La nostalgie n'a jamais été une bonne technique de réparation. Mieux vaut, comme les anciens poètes d'Arabie, contempler les ruines. Et se convaincre alors de ce que le château ne pouvait tout simplement pas tenir... Les morsures qu'il a subies, et toutes ces trahisons en quoi on croit pouvoir identifier les causes de son effondrement, tout cela n'aurait été que piqure de moustique si les fondations avaient été réellement profondes et solides, si les murs n'avaient pas été érigés à la va-vite et si le souci de la vaine gloire n'avait pas remplacé celui de la durée, la vraie.
Qu'est-ce qui ferait qu'un château tienne et résiste face aux assauts de toutes sortes ? Tout architecte sérieux vous le dira : avant d'envisager la construction d'un édifice, il faut examiner la nature du sol sur lequel on envisage de l'installer. Et ne pas se contenter de gratter en surface, mais plonger loin dans les strates.

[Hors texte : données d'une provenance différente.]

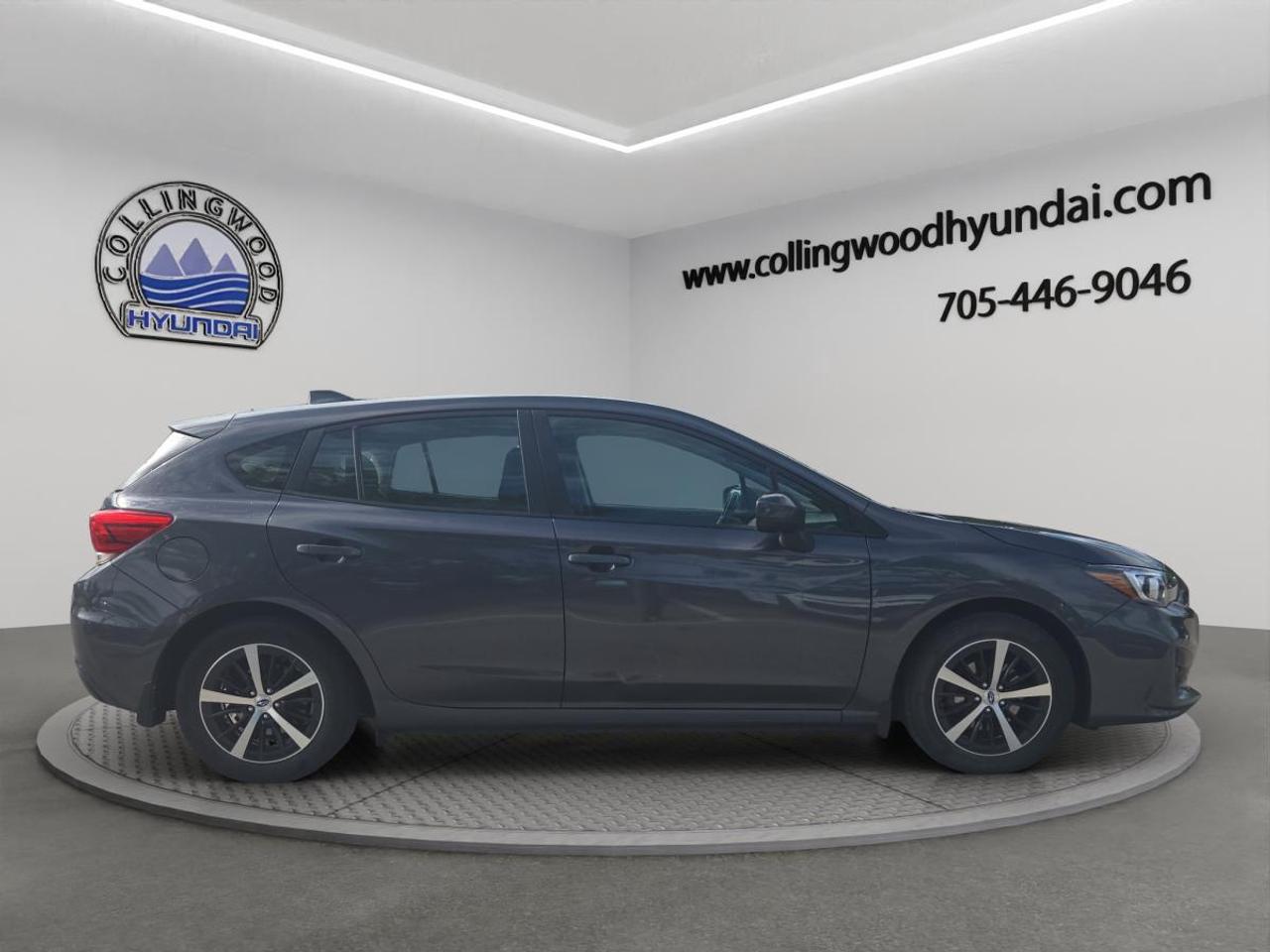 2019 Subaru Impreza Sport Photo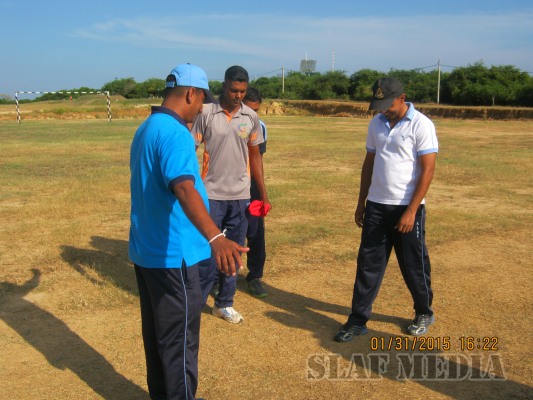 Formation Day Celebration of No 03 Air Defence Radar Squadron At Slaf Stn Wirawila
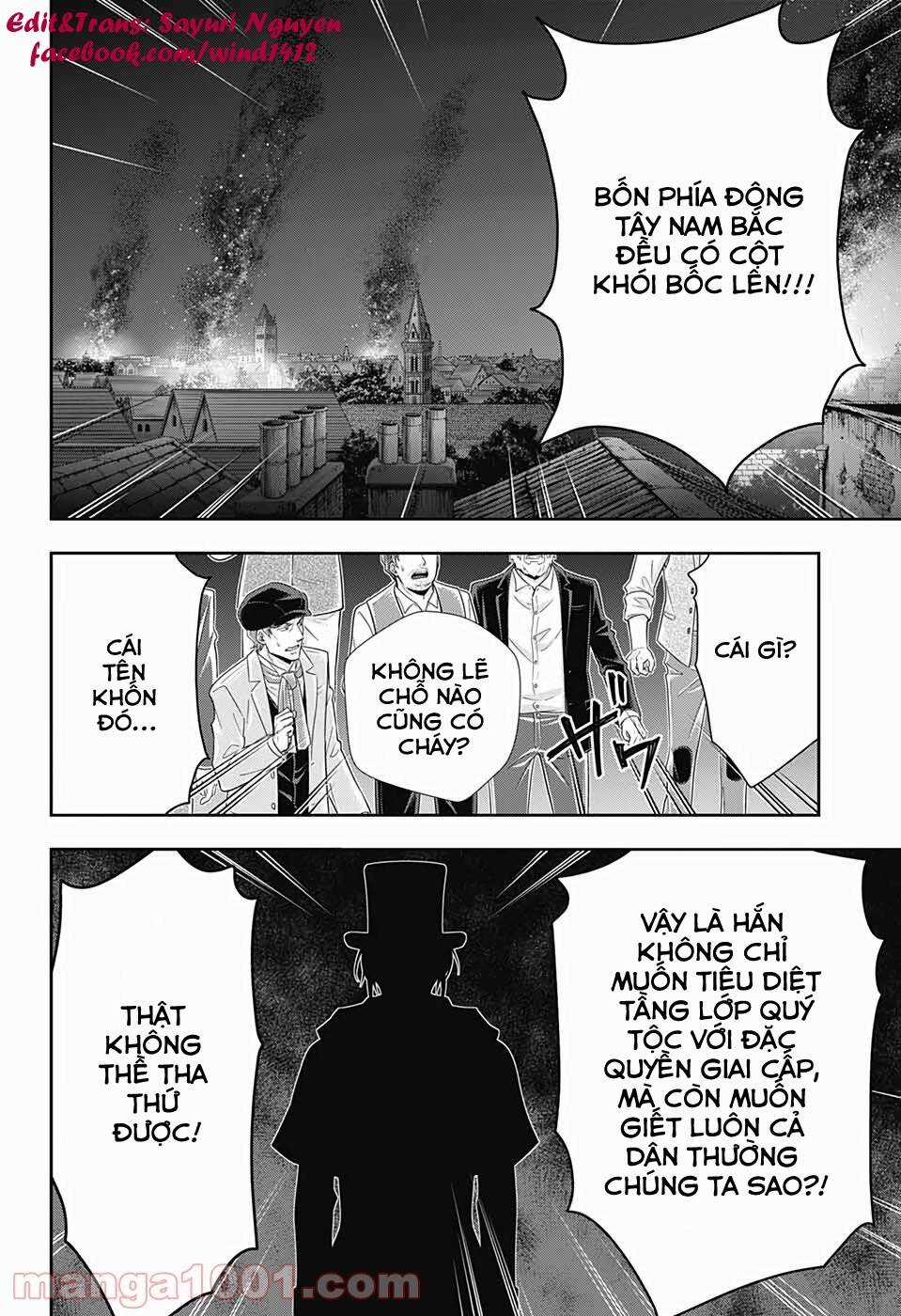 Yukoku No Moriarty - Chapter 54 - Trang 6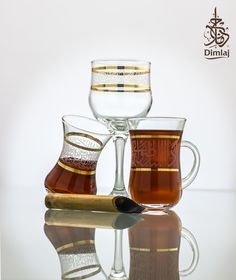 Thuluth Collection - Dimlaj Dishes Sets, Dish Sets, Tea Sets, V60 Coffee, Tea Set, Coffee Maker, Kitchen Appliances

A la recherche de la roche dure qui sera l'élément de stabilité.
Je le redis : notre pays est exposé à deux pressions en raison de sa position géographique. L'une vient de la mer, l'autre vient du désert. D'autres pays ont comme le nôtre cette position engagée dans la mer qui leur confère un avantage stratégique : la Grèce et l'Italie. Mais ils n’ont pas, comme nous, cette béance du désert en guise d'arrière-pays.

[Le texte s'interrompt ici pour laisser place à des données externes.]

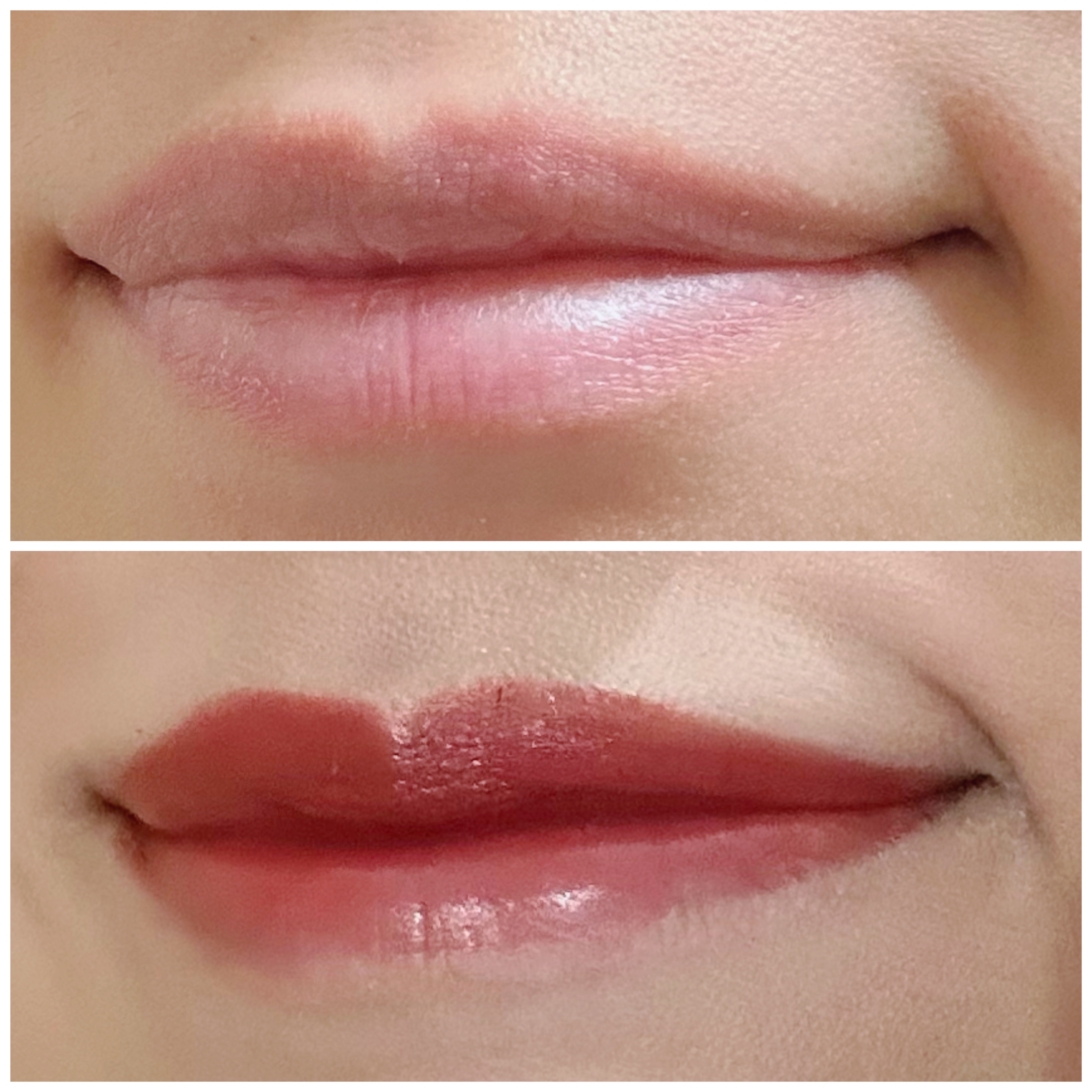 ＆be シアーリップ/＆be/口紅を使ったクチコミ（3枚目）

Ils ont une muraille montagneuse qui les protège. D'autres encore partagent avec nous la présence du désert et l'ancrage dans l'Afrique, sans attirer par la position de leurs côtes les convoitises des assaillants venus contrôler le passage étroit qui sépare la Méditerranée occidentale de la Méditerranée orientale…
A vrai dire, rien n'a vraiment résisté en ce pays à l'action corrosive de ces deux vents contraires qui l'ont balayé tout au long des siècles. C'est ce qui a donné au Tunisien une psychologie particulière. La recherche de la roche dure, c'est la recherche de ce qui est à même de conjurer la double malédiction séculaire. C'est ce qui est capable de transformer la dualité de l'assaut subi en un équilibre de forces mis ingénieusement au service de la stabilité.

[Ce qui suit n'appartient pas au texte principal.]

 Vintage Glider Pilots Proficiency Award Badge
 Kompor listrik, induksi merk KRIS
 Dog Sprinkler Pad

Aujourd'hui, les progrès de la technique ont certes modifié la donne. Les contraintes subies dans le passé n'ont plus la même importance. La Méditerranée elle-même n'est plus qu'une mer intérieure perdue dans le vaste globe, quel que soit son intérêt stratégique.
Le désert est quadrillé, survolé, exploité. Mais le pays, lui, n'a pas perdu son statut de corps à la structure doublement vulnérable, exposé au vent par deux ouvertures qui sont comme deux blessures.
On ne construira en lui et pour lui rien de solide et de durable qui ne soit en même temps une manière d'amener chacune des ouvertures à apaiser l'autre : non l'obturer en élargissant finalement sa blessure, non chercher à l'abolir, mais tisser le lien qui, de l'une à l'autre, se transforme en fécondité pour les terres.